But most of the people that live in my tax bracket that are my color that go to my kid's
school are the kids that are going to give my kid the eight ball of cocaine. Those kids are much more
worrisome to me than my housekeeper's kids. Yeah. Yeah. So I'm not talking about
the kids. I'm just talking about your kid at the age they're at when
you're standing outside the door. Yeah. There's no threat then. I feel like
it's practice for
when the threat is coming and by then I might be exhausted and not care anymore. You'll be strung out from
state. Well, you'll probably go the opposite direction which is I spent
three years standing in the hall. I'm gonna go take the next three and take a nap.
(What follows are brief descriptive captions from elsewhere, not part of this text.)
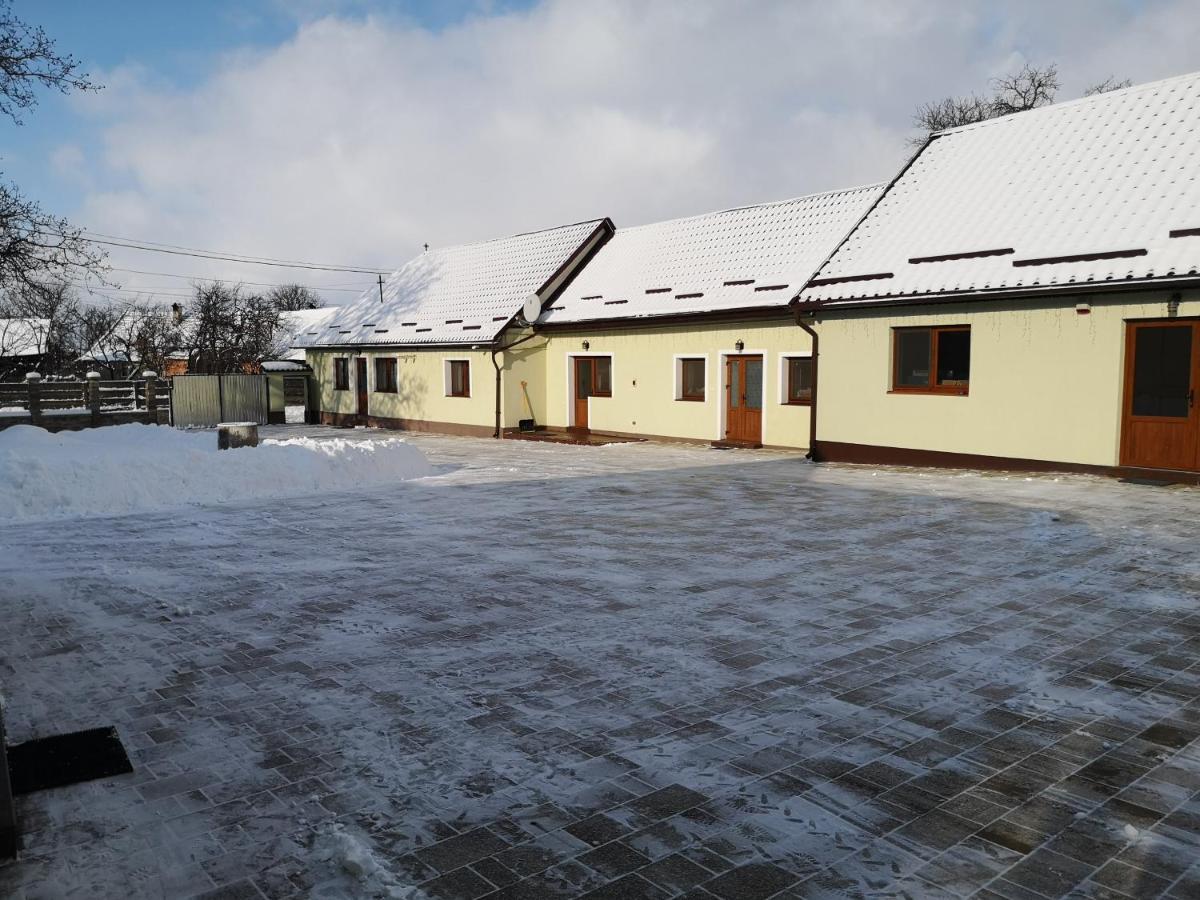 Aterman Apartment'S Sinca Veche Buitenkant foto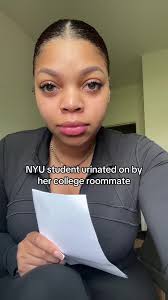 Diaper Girl College Roommate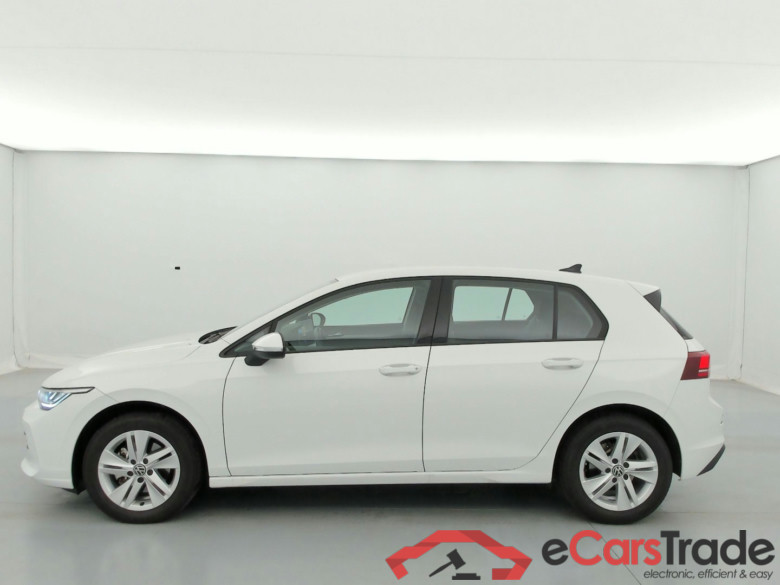 Volkswagen Golf Life Plus 1.5 eTSI EVO2 116 DSG7 #4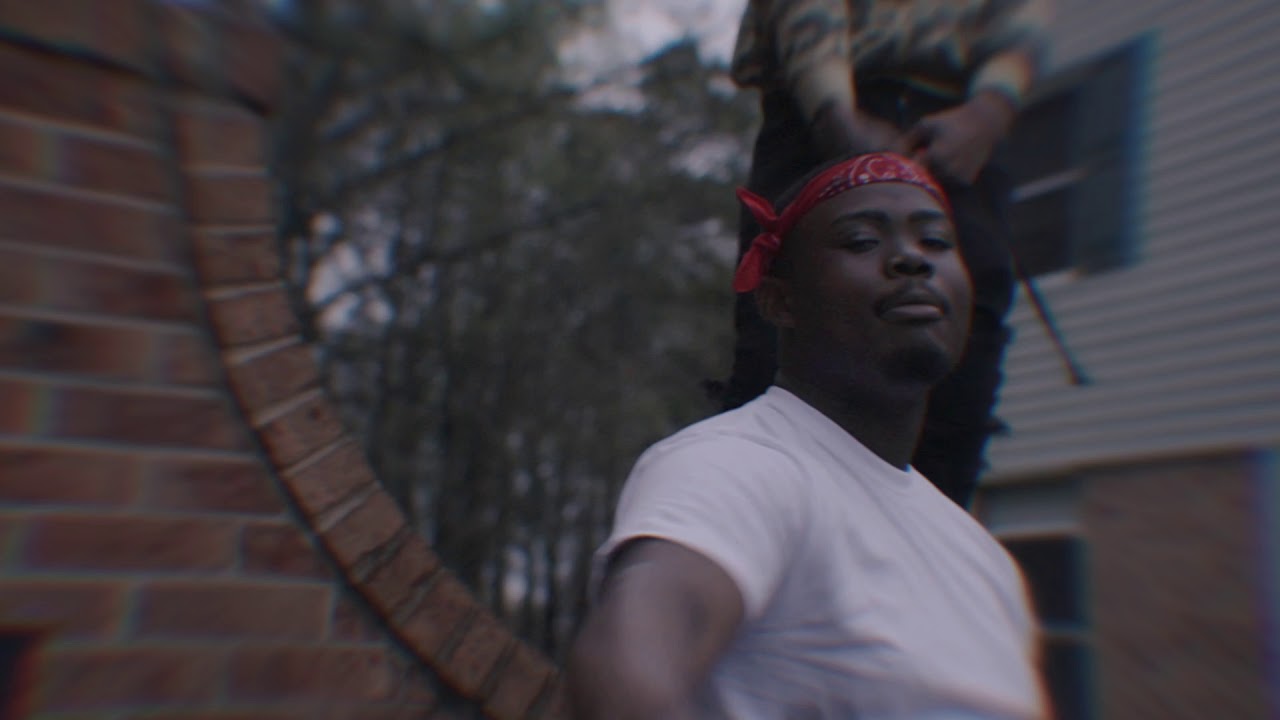 Wapp 400 x YG Bando - Jugg Phone (Official Video)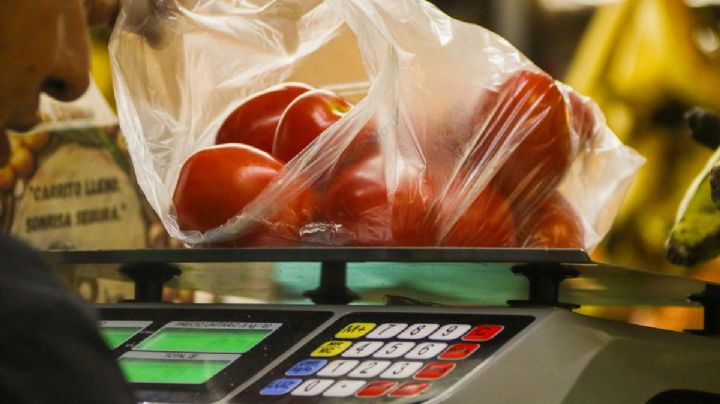 Canasta básica se dispara en México: hasta $4,940 al mes solo para comer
Take a spa day. Yes, a spa day which I now call set. I'm just gonna go to work. Yeah. What are you
working on by the way?
I'm working on private practice which will be done by the time this airs and
I sold my book as a TV show to NBC. Oh nice. Yeah. How come everyone sells a book?
How come I can't sell a book? I don't know how that works. You know books, right? You know, Cracked almost got sold as a TV show. Kind of.
Almost. That'll send the kids to college.
No, but I mean, I saw the process.
We're spending some of that almost money. We're going to Maui.
Listen, it's you and me, dude.
I'm going to Rolls Royce with this almost money?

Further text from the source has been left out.